Un organisme gouvernemental a été chargé de publier un rapport dans un délai de trois mois. Le 16 novembre, la commission a annoncé qu'elle avait demandé une prolongation de deux mois et qu'elle publierait son rapport avant la fin de l'année. L'enquête n'est toujours pas terminée.
Depuis les affrontements, l'aide humanitaire aux civils dans le besoin a été fortement entravée par les restrictions d'accès imposées par le gouvernement, et par l'insécurité persistante. Bien que les restrictions d'accès aient depuis été assouplies, les retards bureaucratiques et les obstacles à la distribution et à la coordination au sein du gouvernorat persistent, ont rapporté deux sources bien informées. Un travailleur humanitaire a déclaré que des dizaines de personnes étaient toujours portées disparues ou enlevées, leurs familles n'ayant reçu aucune information sur leur sort, ou sur le lieu de leur détention.
Le 21 août, des experts de l'ONU ont rapporté que les attaques menées par les milices locales, les autorités de transition et les groupes armés affiliés contre trois villages de la province de Soueïda avaient fait environ 1 000 morts, dont 539 civils druzes identifiés. Le nombre total de victimes civiles n'a pas été communiqué, car un nombre important de corps pourraient encore se trouver dans des maisons où les équipes de secours n'ont pas été autorisées à entrer.
Le 2 octobre, les membres de la Commission d'enquête internationale indépendante des Nations Unies sur la Syrie se sont rendus à Soueïda pour enquêter sur les exactions commises en juillet ; il s’est agi de la première visite d'experts internationaux en droits humains, sur ces lieux. Depuis, ils se sont rendus à plusieurs reprises dans la région.
Le droit international humanitaire, qui rassemble les lois de la guerre, s'applique aux combats entre les forces gouvernementales et les groupes armés à Soueïda. L'article 3 commun aux Conventions de Genève de 1949 et le droit coutumier de la guerre interdisent les attaques contre les civils, les exécutions sommaires, les atteintes à la dignité personnelle, ainsi que la destruction et le pillage des biens civils. Les violations graves du droit de la guerre commises avec une intention criminelle constituent des crimes de guerre.

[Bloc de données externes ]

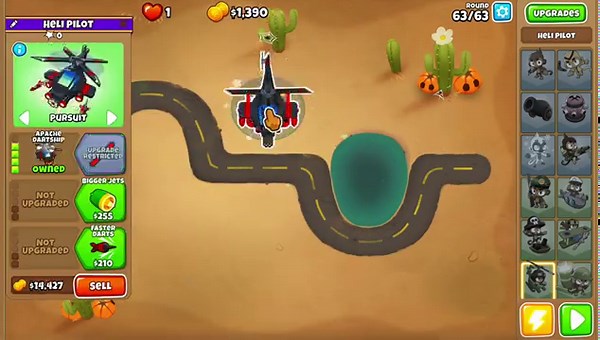 BTD6 Advanced Challenge | Alexbaby's Challenge | October 19, 2025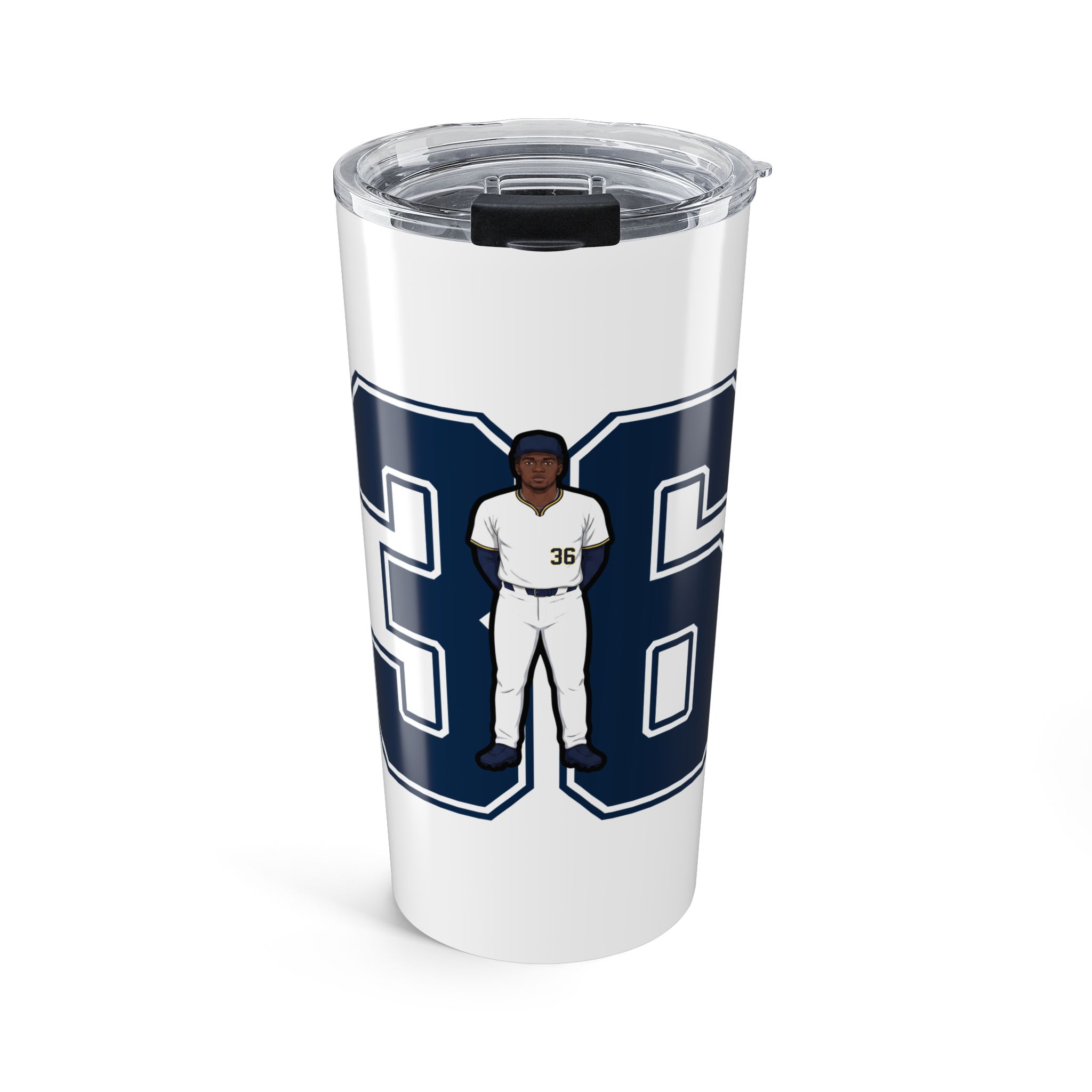20oz Tumbler — character_number in Classic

Les forces armées du gouvernement de transition syrien ont déjà été impliquées dans de graves exactions contre des populations minoritaires, notamment des Alaouites syriens en mars 2025. Les enquêtes menées par le gouvernement sur les crimes présumés ont innocenté les hauts responsables en raison du manque de preuves d'ordres directs de commettre des exactions. Toutefois, les commandants et les hauts responsables peuvent être pénalement responsables, en vertu de la responsabilité du commandement, des crimes de guerre commis par leurs subordonnés s'ils avaient connaissance ou auraient dû avoir connaissance de ces crimes et s'ils ne les ont pas empêchés ou n'ont pas puni les responsables.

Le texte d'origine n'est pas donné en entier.